Re: [PATCH] sched: Further restrict the preemption modes

public inbox for linux-s390@vger.kernel.org
 help / color / mirror / Atom feed

* Re: [PATCH] sched: Further restrict the preemption modes
       [not found] <20251219101502.GB1132199@noisy.programming.kicks-ass.net>
@ 2026-02-24 15:45 ` Ciunas Bennett
  2026-02-24 17:11   ` Sebastian Andrzej Siewior
  2026-02-25  2:30   ` Ilya Leoshkevich
  0 siblings, 2 replies; 8+ messages in thread
From: Ciunas Bennett @ 2026-02-24 15:45 UTC (permalink / raw)
  To: Peter Zijlstra, mingo, Thomas Gleixner, Sebastian Andrzej Siewior
  Cc: juri.lelli, vincent.guittot, dietmar.eggemann, rostedt, bsegall,
	mgorman, vschneid, clrkwllms, linux-kernel, linux-rt-devel,
	Linus Torvalds, linux-s390



On 19/12/2025 10:15, Peter Zijlstra wrote:


Hi Peter,
We are observing a performance regression on s390 since enabling PREEMPT_LAZY.
Test Environment
Architecture: s390
Setup:

Single KVM host running two identical guests
Guests are connected virtually via Open vSwitch
Workload: uperf streaming read test with 50 parallel connections
One guest acts as the uperf client, the other as the server

Open vSwitch configuration:

OVS bridge with two ports
Guests attached via virtio‑net
Each guest configured with 4 vhost‑queues

Problem Description
When comparing PREEMPT_LAZY against full PREEMPT, we see a substantial drop in throughput—on some systems up to 50%.

Observed Behaviour
By tracing packets inside Open vSwitch (ovs_do_execute_action), we see:
Packet drops
Retransmissions
Reductions in packet size (from 64K down to 32K)

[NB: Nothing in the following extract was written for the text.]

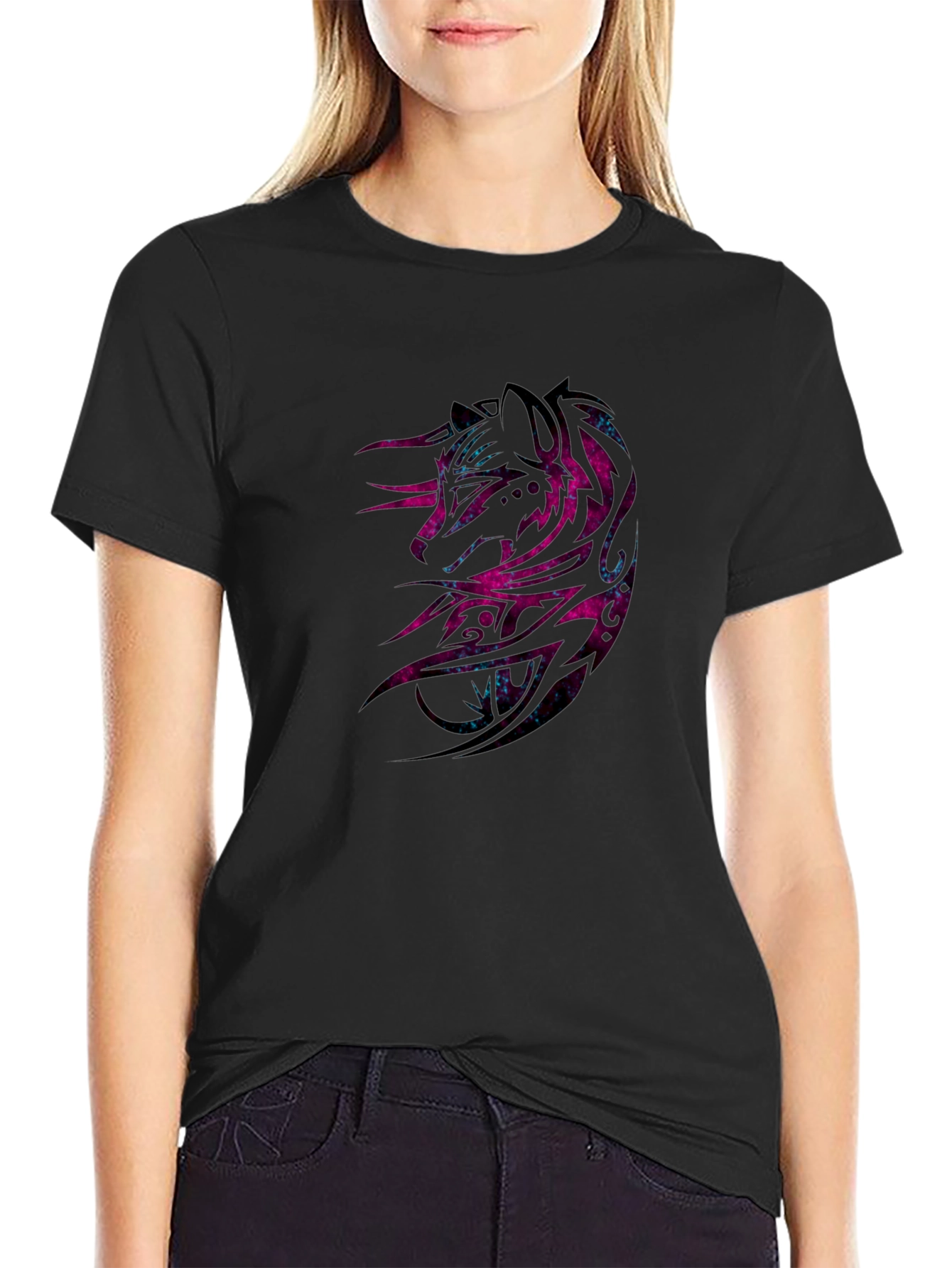 Galaxy Wolf Graphic Print Black T-Shirt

Capturing traffic inside the VM and inspecting it in Wireshark shows the following TCP‑level differences between PREEMPT_FULL and PREEMPT_LAZY:
|--------------------------------------+--------------+--------------+------------------|
| Wireshark Warning / Note             | PREEMPT_FULL | PREEMPT_LAZY | (lazy vs full)   |
|--------------------------------------+--------------+--------------+------------------|
| D-SACK Sequence                      |          309 |         2603 | ×8.4             |
| Partial Acknowledgement of a segment |           54 |          279 | ×5.2             |
| Ambiguous ACK (Karn)                 |           32 |          747 | ×23              |
| (Suspected) spurious retransmission  |          205 |          857 | ×4.2             |
| (Suspected) fast retransmission      |           54 |         1622 | ×30              |
| Duplicate ACK                        |          504 |         3446 | ×6.8             |
| Packet length exceeds MSS (TSO/GRO)  |        13172 |        34790 | ×2.6             |
| Previous segment(s) not captured     |         9205 |         6730 | -27%             |
| ACKed segment that wasn't captured   |         7022 |         8272 | +18%             |
| (Suspected) out-of-order segment     |          436 |          303 | -31%             |
|--------------------------------------+--------------+--------------+------------------|
This pattern indicates reordering, loss, or scheduling‑related delays, but it is still unclear why PREEMPT_LAZY is causing this behaviour in this workload.

Additional observations:

Monitoring the guest CPU run time shows that it drops from 16% with PREEMPT_FULL to 9% with PREEMPT_LAZY.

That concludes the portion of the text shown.